А отделиться хотелось. Помню, Самуил Яковлевич познакомил меня в Москве с Владимиром Евграфовичем Татлиным, художником, автором широко известного «Проекта памятника Третьему Интернационалу».
Зачем познакомил меня Маршак с Татлиным? Все для того же. Он считал, что атмосфера вокруг искусства, вокруг молодых художников должна быть чистой, животворной и животворящей. В больших целях и рука приобретает твердость, а в искусстве нет нестоящих подробностей: там все подробность, все деталь, но такая, которая строит целое.
Вот почему, как вспоминает Шварц: «Каждая строчка очередного номера обсуждалась на редакционных заседаниях, будто от нее зависело все будущее детской литературы».
Дело было в том, что Маршак любил работать и что работа доставляла ему наслаждение. Послушайте, как он читает свои стихи (к счастью для нас и для грядущих поколений, были сделаны магнитофонные записи), и вы всегда различите в его грудных, слегка приглушенных интонациях проходящую по особенно удавшимся строчкам радостную улыбку. Видимо, ему нравилось читать, нравилось чувствовать, как ладно, как точно уложены слова и как вольготно им.
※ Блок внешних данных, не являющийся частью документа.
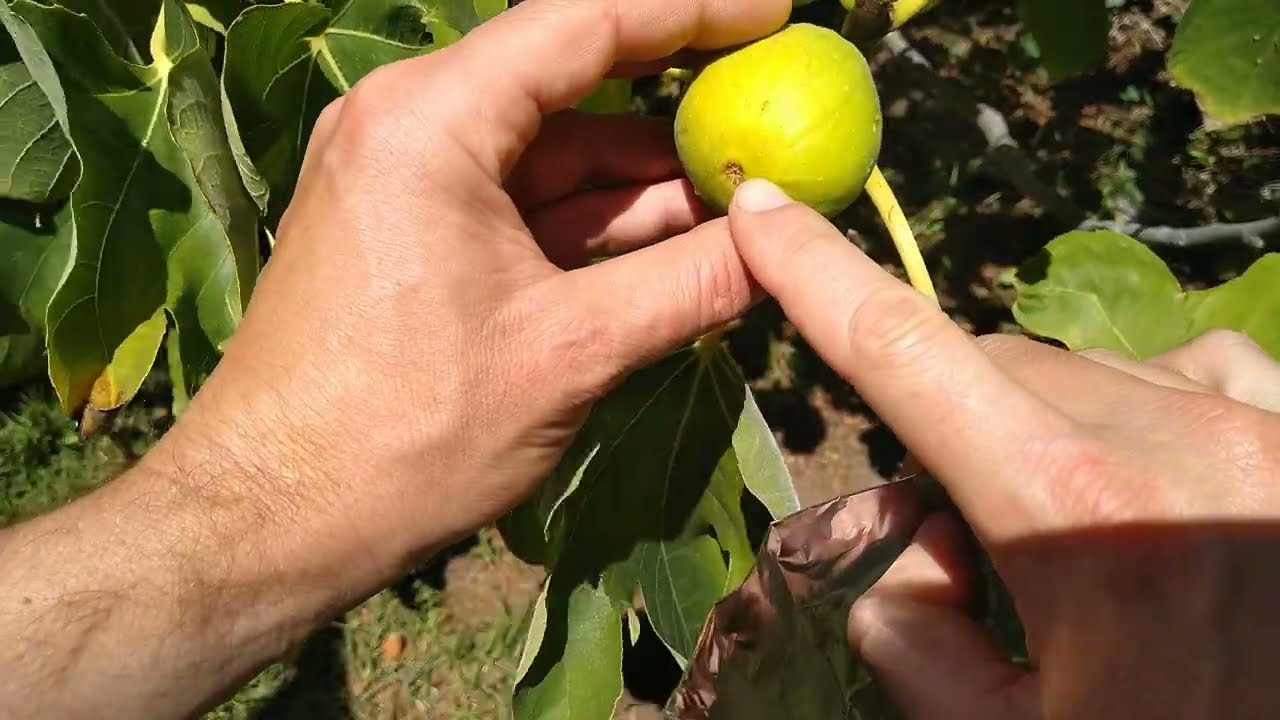 Protect Figs from Birds with Tin Foil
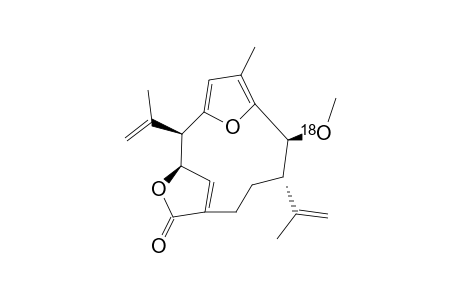 2-[18O]-Methylkallolide A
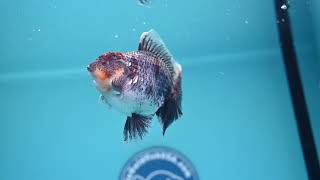 Download lagu Kirin Rose Tail Oranda (240405_OR08) mp3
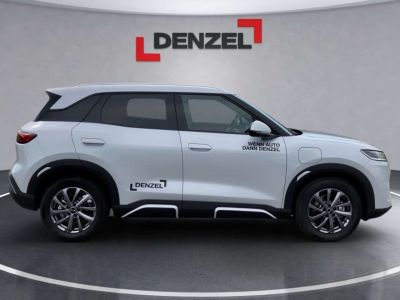 BYD Atto 2 Vorführwagen BYD Atto 2 Vorführwagen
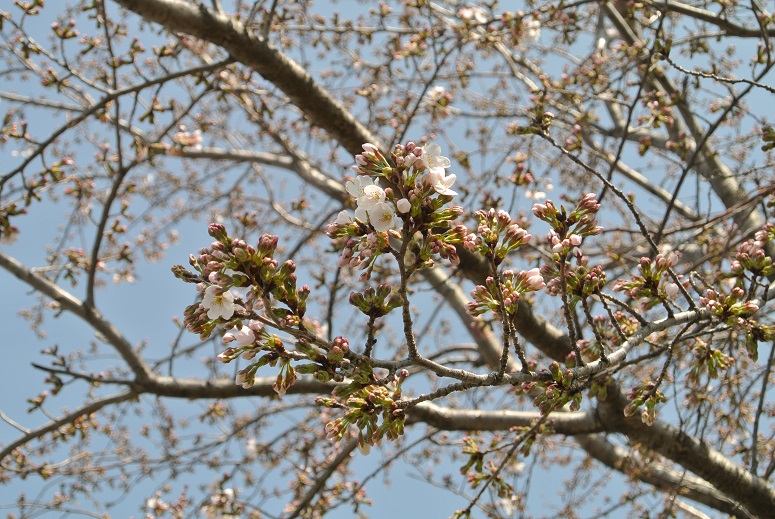 桜君が　咲いてきましたよー_f0179209_931167.jpg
Горький не раз любил повторять, что «язык есть первоэлемент литературы», и все мы, к которым это утверждение пришло через нашего учителя, поверили в него неукоснительно. Строжайшая языковая дисциплина — вот что составляло основу основ заповедей Маршака: никаких «холодных косточек глаз», никаких отсебятин!
Шварц вспоминает:
«У него было безошибочное ощущение главного в искусстве сегодняшнего дня. В те дни главной похвалой было: как народно! (Почему и принят был «Рассказ Старой Балалайки»). Хвалили и за точность и за чистоту. Главные ругательства были: «стилизация», «литература», «переводно».
Ведь сам Маршак переводил отнюдь не «переводно», под его пером и английские народные песенки вроде «Шалтая — Балтая», и шотландец Роберт Берне, и вообще все то, к чему прикасался он своим искусством, становилось русским, близким сердцу волжанина, москвича. Причем это ни в коем случае не был «перевод на язык родных осин».
Здесь, как мне кажется, происходило нечто сходное с тем, что было у Пушкина, который в «Каменном госте» испанец, в «Песнях западных славян» — серб или черногорец, но везде и всегда русский.
«Рассказ Старой Балалайки» появился в журнале «Воробей», редактировавшемся Маршаком и выходившем при «Ленинградской правде».